-- Your instructions --
Set down only the lines from the one containing "Property Photo: 1271" through the final line of the entries below, exactly as they stand, with no pictures.

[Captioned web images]
######
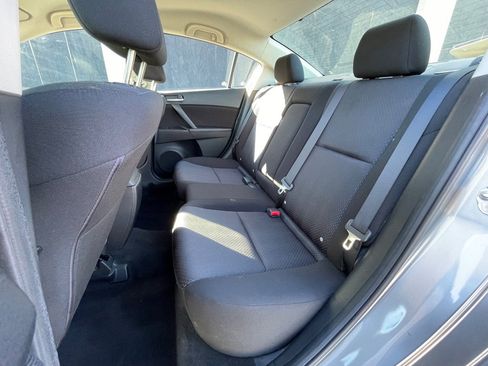 Used 2010 MAZDA MAZDA3 i Touring image 28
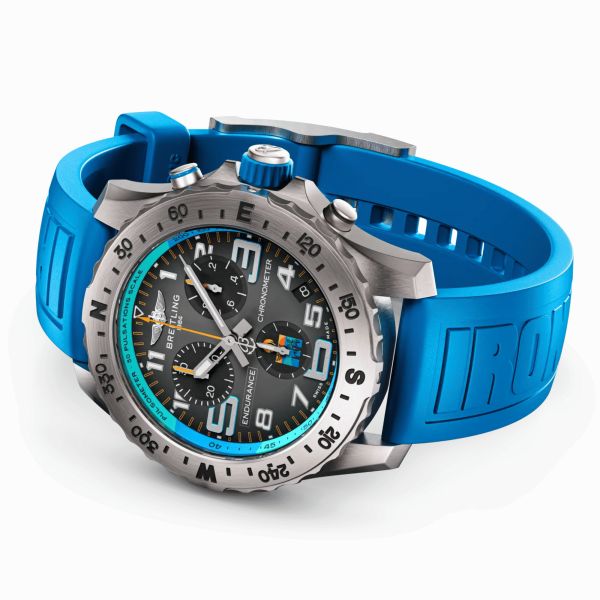 Montre Breitling Endurance Pro Edition IRONMAN® World Championship 2025 quartz chronographe cadran anthracite bracelet caoutchou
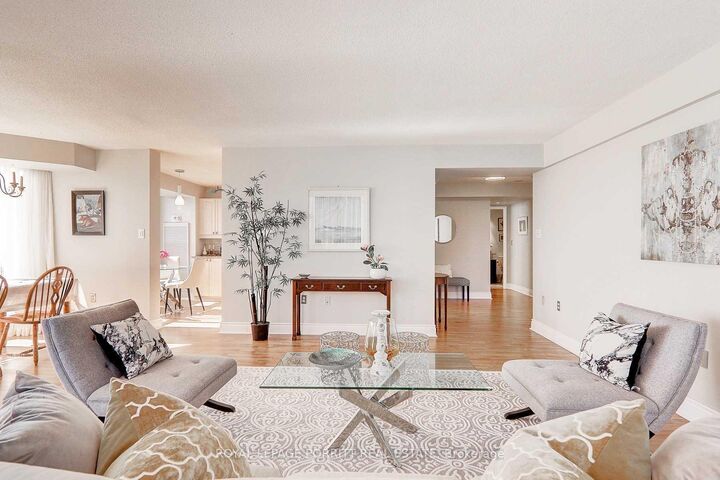 Property Photo: 1271 Walden Circle 508 ON L5J 4R4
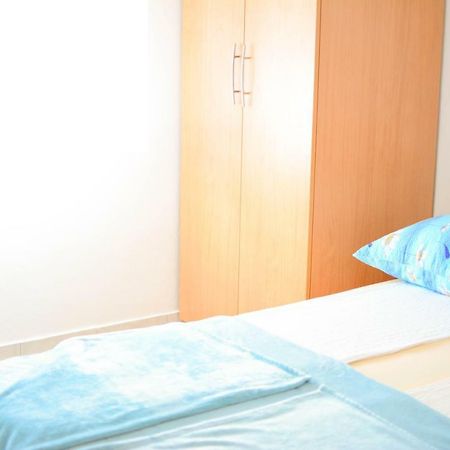 Apartmani Prvi Red Do Mora Pag Town Bagian luar foto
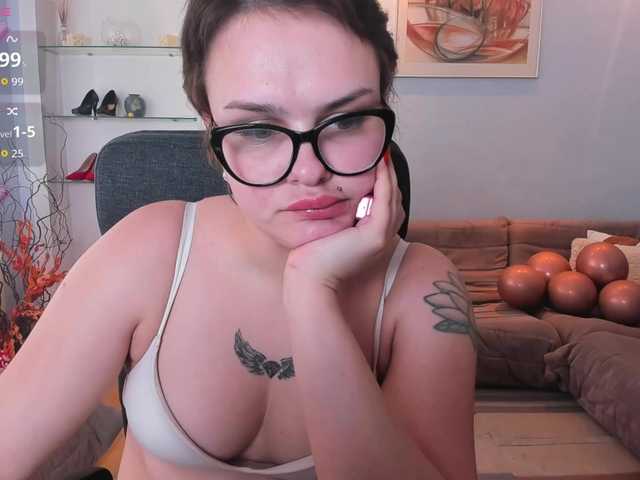 KamillaJei's BongaCams show and profile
######
-- Solution for this exercise --
 Property Photo: 1271 Walden Circle 508 ON L5J 4R4
 Apartmani Prvi Red Do Mora Pag Town Bagian luar foto
 KamillaJei's BongaCams show and profile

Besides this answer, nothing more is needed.